Repeat the listing below verbatim, without its images.

Dataset excerpt:
########################################

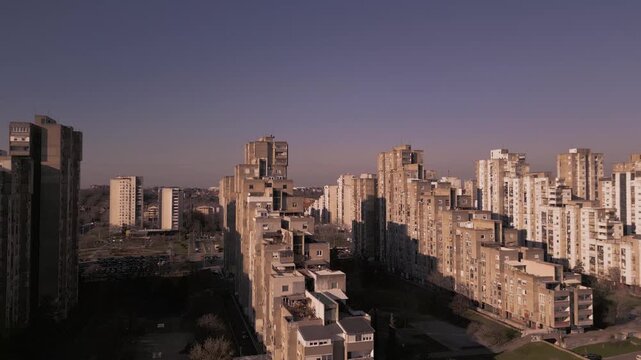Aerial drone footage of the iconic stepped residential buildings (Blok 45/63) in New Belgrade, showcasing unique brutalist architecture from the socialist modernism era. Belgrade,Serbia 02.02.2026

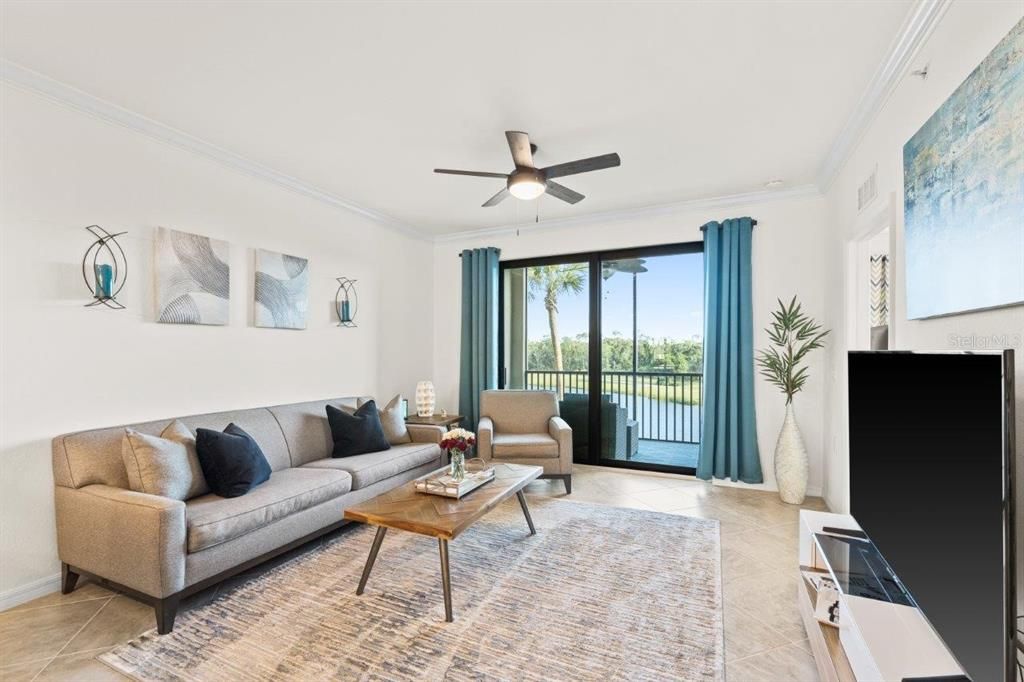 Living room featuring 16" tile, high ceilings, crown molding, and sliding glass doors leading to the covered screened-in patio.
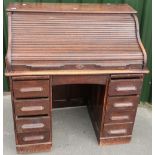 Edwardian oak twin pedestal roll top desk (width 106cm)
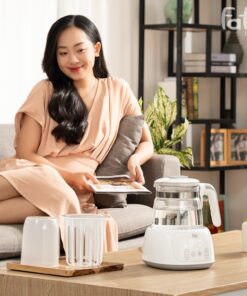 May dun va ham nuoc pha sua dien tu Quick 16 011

########################################

Your response:
Aerial drone footage of the iconic stepped residential buildings (Blok 45/63) in New Belgrade, showcasing unique brutalist architecture from the socialist modernism era. Belgrade,Serbia 02.02.2026

 Living room featuring 16" tile, high ceilings, crown molding, and sliding glass doors leading to the covered screened-in patio.
 Edwardian oak twin pedestal roll top desk (width 106cm)
 May dun va ham nuoc pha sua dien tu Quick 16 011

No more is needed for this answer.